Tanzimat döneminde 1867 yılındaki düzenleme ile Osmanlı idari teşkilâtında eyalet sisteminden büyük vilâyet sistemine geçilince, Gümüşhane Trabzon vilâyeti içinde bir sancak merkezi haline gelmiştir. 1870 tarihli Trabzon Vilâyeti Salnamesi’ne göre şehirde 14 mahalle içinde 920 hâne bulunmakta ve bu hanelerde toplam 2357 nüfus yaşamaktaydı. 1877-1878 Osmanlı-Rus Harbi neticesinde, 1878 yılında imzalanan Ayastefanos ve Berlin Antlaşmalarıyla Osmanlı diplomasisinde Ermeni meselesi ortaya çıkmış ve Osmanlı Devleti sınırları içinde yaşayan Pontusçu Rumların ve Ermenilerin bağımsız devlet kurma girişimleri, bölgede yaşayan Türk halkına bu dönemde büyük sıkıntılar yaşatmıştır.

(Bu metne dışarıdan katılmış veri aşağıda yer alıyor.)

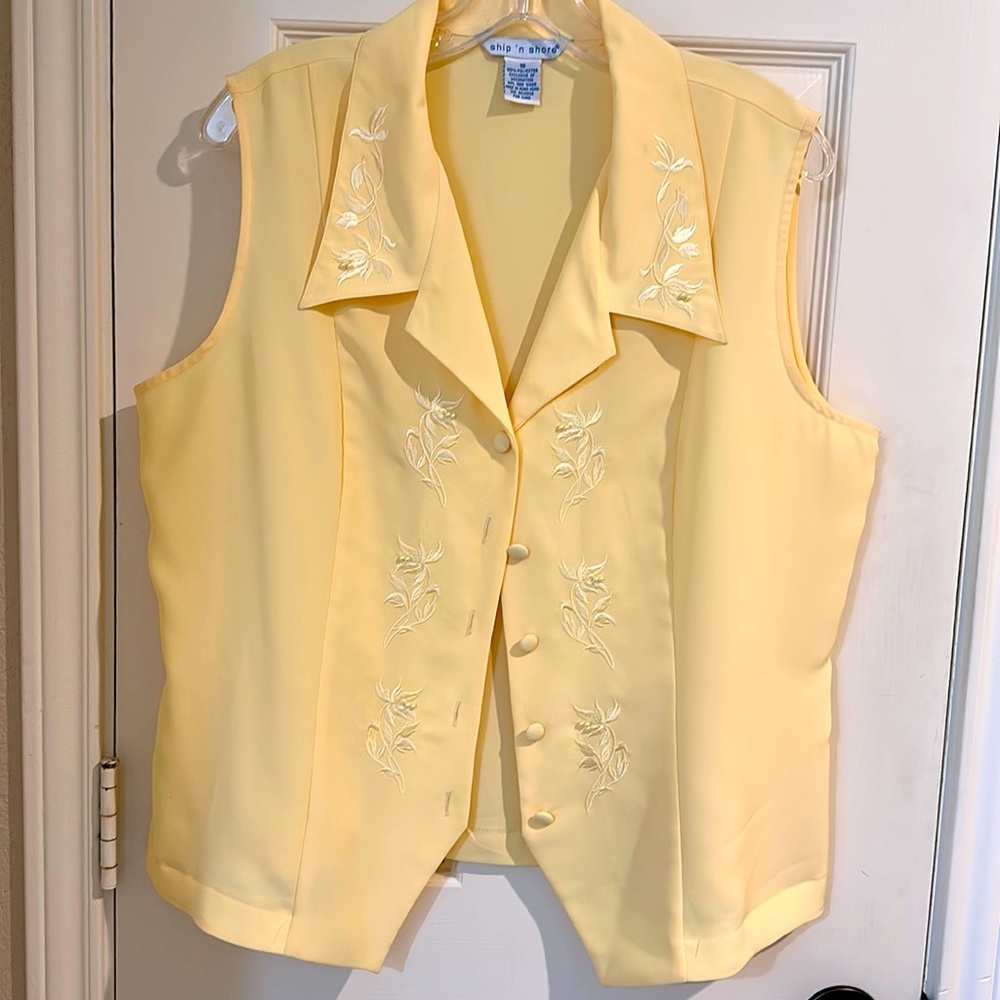 Ship n shore, size 18 but fits more like a large, light weight, beautiful.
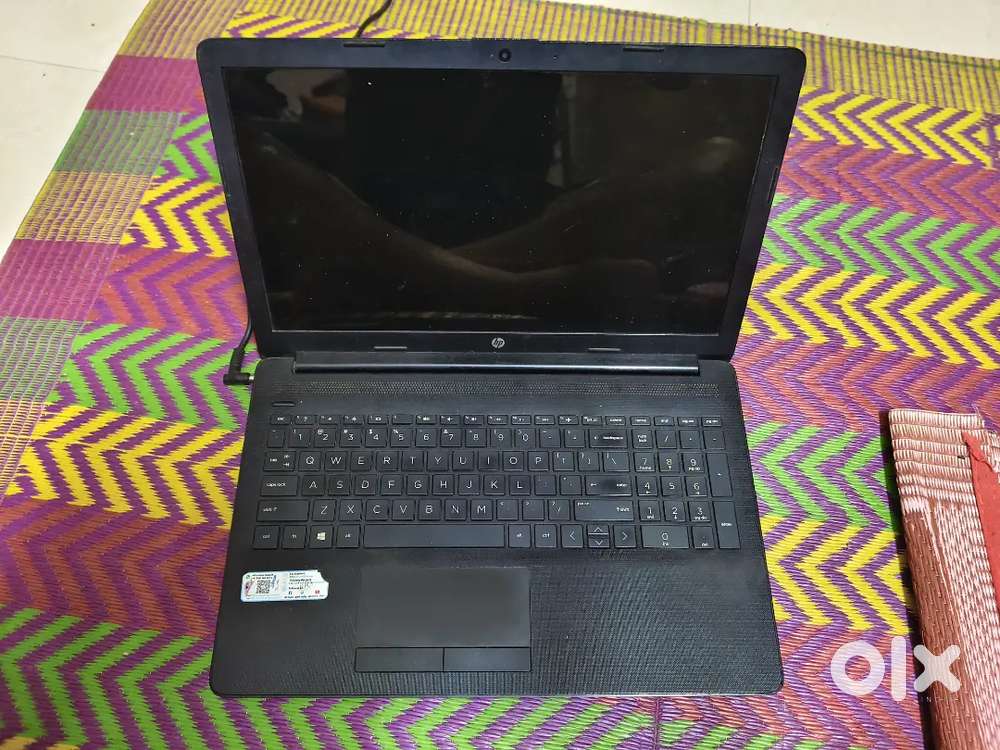 HP laptop 15 series 8Gb ram 256gb graphic card 1.2tb hdd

Gümüşhane’de Ermeni nüfusu az olduğundan, Rus ordularının buraları terk etmeleri ile birlikte Ermeniler de çekilmişlerdir. Ancak bölgedeki Rumların nüfusu Ermenilere göre dikkate değer düzeyde idi. Dağdaki çeteleri yiyecek, giyecek, istihbarat açısından destekleyecek Rum köyleri mevcuttu. Gümüşhane, Pontus Devleti sınırları içerisinde gösterildiği için, Pontusçuların bütün ülke çapında yürüttükleri teşkilatlanma, propaganda ve mücadele faaliyetlerinden önemli ölçüde etkilenmiştir. 1904 yılında Merzifon Amerikan Koleji’nde kurulan Pontus Cemiyeti, bütün Türkiye çapında olduğu gibi Gümüşhane’de de kilise ve din adamları vasıtasıyla şubeler açıp faaliyetlerde bulunmuşlardır. Halbuki bu sıralarda Gümüşhane nüfusunun çoğunluğu Türktür. 1885 yılında Gümüşhane’de 21.956 Türk, 5459 Rum, 1152 Ermeni yaşarken; 1914 yılında 29.639 Türk, 9179 Rum, 1817 Ermeni nüfusu bulunmaktaydı.
Şehir önceleri ticaret amaçlı olarak seçtiği Trabzon-Erzurum-İran transit yolu kenarını sonra da bir yönetim merkezi olarak benimsemiiştir.